Dragons are followed by colourful furry lions and some rather odd looking cartoon characters, Mickey Mouse included.
Then follows a procession of dressed up representatives of various associations and clubs carrying banners and playing music. Many are wearing monkey masks. There is even a London bus in the parade. We lose ourselves in the concoction of sights and sounds.
The streets of Soho, where London’s Chinatown is located, are swarming with people. It is after all the largest celebration of the Chinese New Year outside Asia. Street food stalls are everywhere you look, feeding the hungry crowd.
Luckily we have a reservation for lunch at Plum Valley, one of the Chinatown icons, where we feast on dim sum, spring rolls, daikon pancakes, pork buns and roasted veg including some spongy but delicious fungus, washed down with jasmine tea. From our vantage point by the window we can see lion dances happening in the street. One brave lion even ventures into the restaurant.
The Chinese New Year is celebrated over two weeks in 140 countries of the world. An estimated one sixth of the global population takes part. It is the time when Chinese people travel across the country to see their families, making it the largest annual human migration worldwide.

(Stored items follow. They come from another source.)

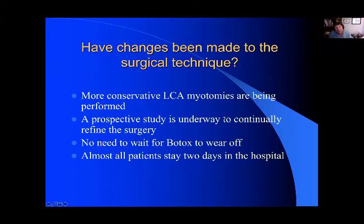We used to cut a lot of the LCA muscle, and now we do a very modest resection of that tiny muscle. How have we changed it? More conservative LCA myomectomies. We continue to refine the surgery, although at this point we've done hundreds and hundreds of patients and it's pretty consistent. At one time we needed patients with no Botox on board, but that's not really the case anymore because we can find the nerves without stimulation. Almost all the patients stay two days in the hospital — the day of surgery and one more day to make sure they're swallowing adequately — and then they can go home.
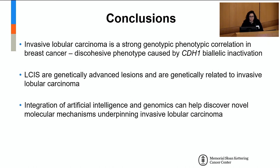In conclusion, lobular carcinomas are truly interesting tumors. They are very distinctive and constitute a strong genotypic-phenotypic correlation in breast cancer, given their discohesion caused by inactivation of CDH1. LCIS, the precursor lesion, is genetically very similar to invasive tumors. The integration of artificial intelligence and genomics can help us discover novel molecular mechanisms underpinning lobular breast cancer and develop new diagnostic approaches. Thank you all for your attention.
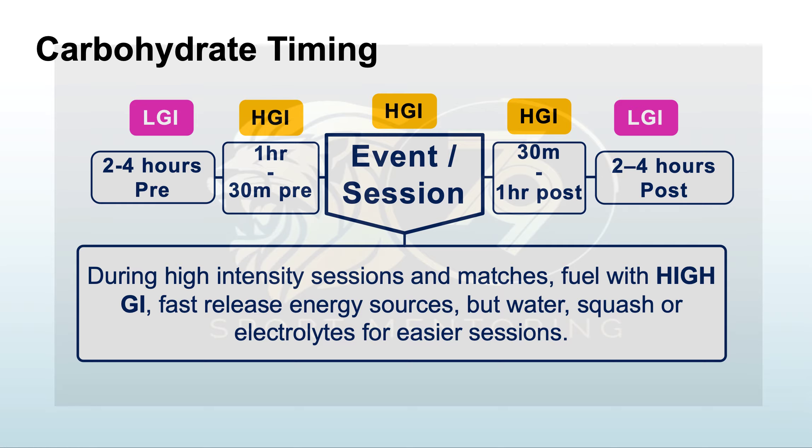Looking at carbohydrate timing for a typical sporting event day: in the morning, have your low GI carbs, such as porridge for slow release. About 30 minutes pre-event, switch to high GI — maybe some Haribo or eight or nine jelly babies. During the event, have an isotonic, sugar-based drink. Afterwards, combine high GI carbohydrates with protein to promote recovery and get protein into your system.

We are about to inaugurate the Year of the Monkey, monkey being one of the 12 Chinese zodiac signs. As it happens, I too was born in the Year of the Monkey (and so will my daughter). As such, I’m supposed to be sociable, innovative, clever and curious. But on the downside: selfish, short-tempered and conceited. The Year of the Monkey is not considered one of the lucky ones, and I’m advised to take good care of my finances. My lucky colours are gold, white and blue, but I ought to avoid red and pink. Good numbers are 1, 7 and 8, but I should steer clear of 2, 5, and 9, if I were into gambling. My unlucky direction is east, not great, since I live in East London and am considering moving even further east…
Chinese folklore abounds in monkey deities that have temples erected in their name. Shape-changing monkeys are thought to be human ancestors.
As we finish lunch, the streets are only getting busier, in preparation for the grand finale with music and fireworks at Trafalgar Square. So we decide to forgo a visit to the Wishing Tree on Charing Cross Road (which could help avert my bad fortune), and head home.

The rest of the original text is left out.